What this task involves. Transcription, pictures excluded: write out the data below exactly.

Stored data.

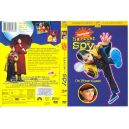 HARRIET THE SPY-DVD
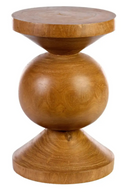 Ball Stool - THAT COOL LIVING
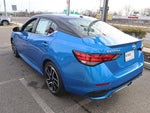 2025 Sentra Thumbnail 9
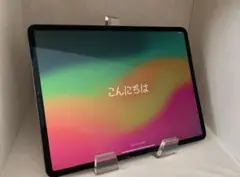 iPad Pro 12.9″ 第3世代 256GB Wi-Fi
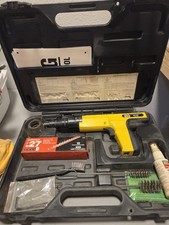 Simpson Strong-Tie .27 Caliber  Powder Actuated Gun Hammer Kit PT-27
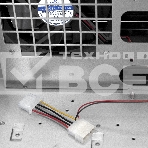 Серверный корпус ExeGate Pro 4U390-05 <RM 19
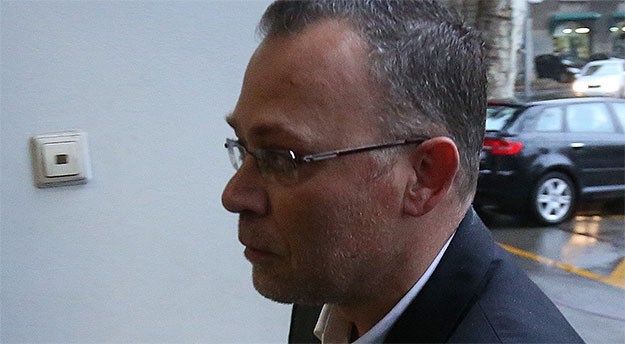 VIDEO Hasanbegović: Ostajem vjeran Bogu i narodu, zna se tko je Nina Obuljen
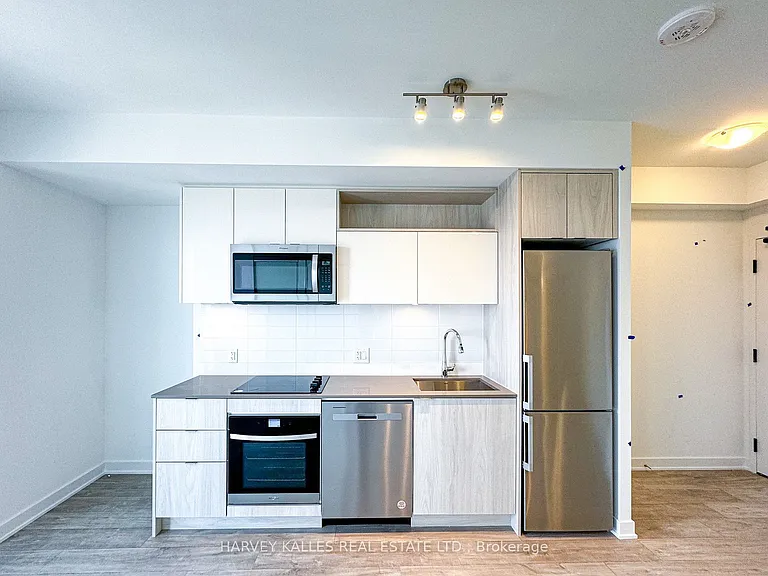 100 Dalhousie St #3806 — Photo 3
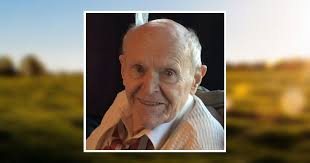 Wayne A. Randall Obituary August 23, 2020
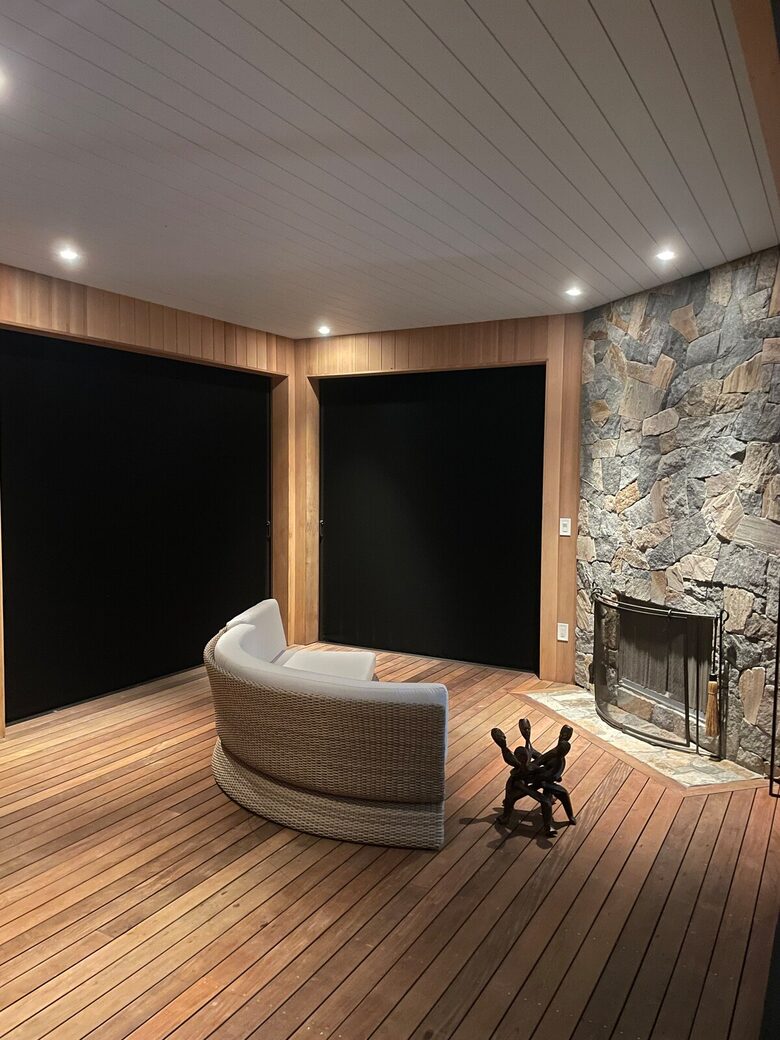 Aquinnah's Hidden Hilltop Haven - Aquinnah, Massachusetts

The completed task.
 HARRIET THE SPY-DVD
 Ball Stool - THAT COOL LIVING
 2025 Sentra Thumbnail 9
 iPad Pro 12.9″ 第3世代 256GB Wi-Fi
 Simpson Strong-Tie .27 Caliber  Powder Actuated Gun Hammer Kit PT-27
 Серверный корпус ExeGate Pro 4U390-05 <RM 19
 VIDEO Hasanbegović: Ostajem vjeran Bogu i narodu, zna se tko je Nina Obuljen
 100 Dalhousie St #3806 — Photo 3
 Wayne A. Randall Obituary August 23, 2020
 Aquinnah's Hidden Hilltop Haven - Aquinnah, Massachusetts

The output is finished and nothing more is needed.